Catherine Bréchignac – La science est « un ensemble structuré de connaissances qui se rapportent à des faits obéissant à des lois objectives et dont la mise au point exige systématisation et méthode » nous dit le trésor de la langue française. Mais aujourd’hui le mot science perd de sa substance, et devient polysémique ; la physique, la chimie, la biologie, dont les lois sont dictées par la « nature », la médecine, les sciences humaines, sociales, politiques ou économiques dont les lois sont dictées par l’homme sont toutes sous le vocable « science. » De plus toutes ces disciplines du savoir accroissent leur contenu en se complexifiant. Elles deviennent de moins en moins accessibles à ceux qui n’ont pas de culture générale.

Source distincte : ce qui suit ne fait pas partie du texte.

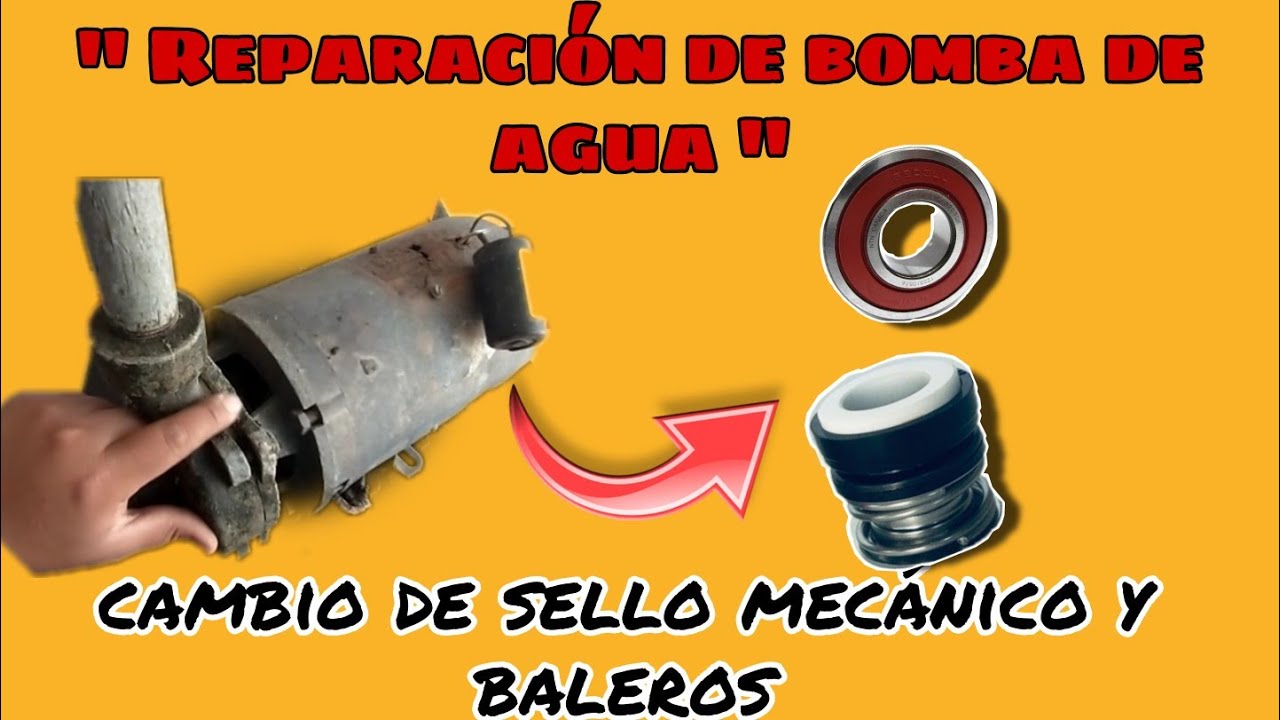 Cómo reparar bomba de agua, cambio BALEROS y SELLO MECÁNICO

La frontière entre la science établie et celle qui est en construction, est mouvante, donnant une impression d’insécurité.
L’opinion publique prend peur. Donner une culture scientifique à tous, enseigner l’histoire des sciences, éviter la confusion entre science et opinion, déjouer les faux experts, laisser aux scientifiques le soin de mettre de l’ordre dans les connaissances et instaurer des débats sociétaux quant à l’utilisation de la science, redonnera une plus grande confiance en la science.
RPP – Comment éviter que les idéologies ne se faufilent dans le savoir ?
Catherine Bréchignac – L’idéologue cherche à convaincre l’autre de ses opinions. Avec le développement des réseaux sociaux qui ouvrent un espace de débat sans précédent, la liberté d’expression voit sa diffusion s’accroître considérablement. On ne peut nier à personne le droit de disposer des faits et de les présenter à sa façon, mais si on veut utiliser une interprétation scientifique, celle-ci doit suivre le protocole de la démarche scientifique pour être validée. Elle ne peut être scindée, mise en pièce et débattue comme une opinion.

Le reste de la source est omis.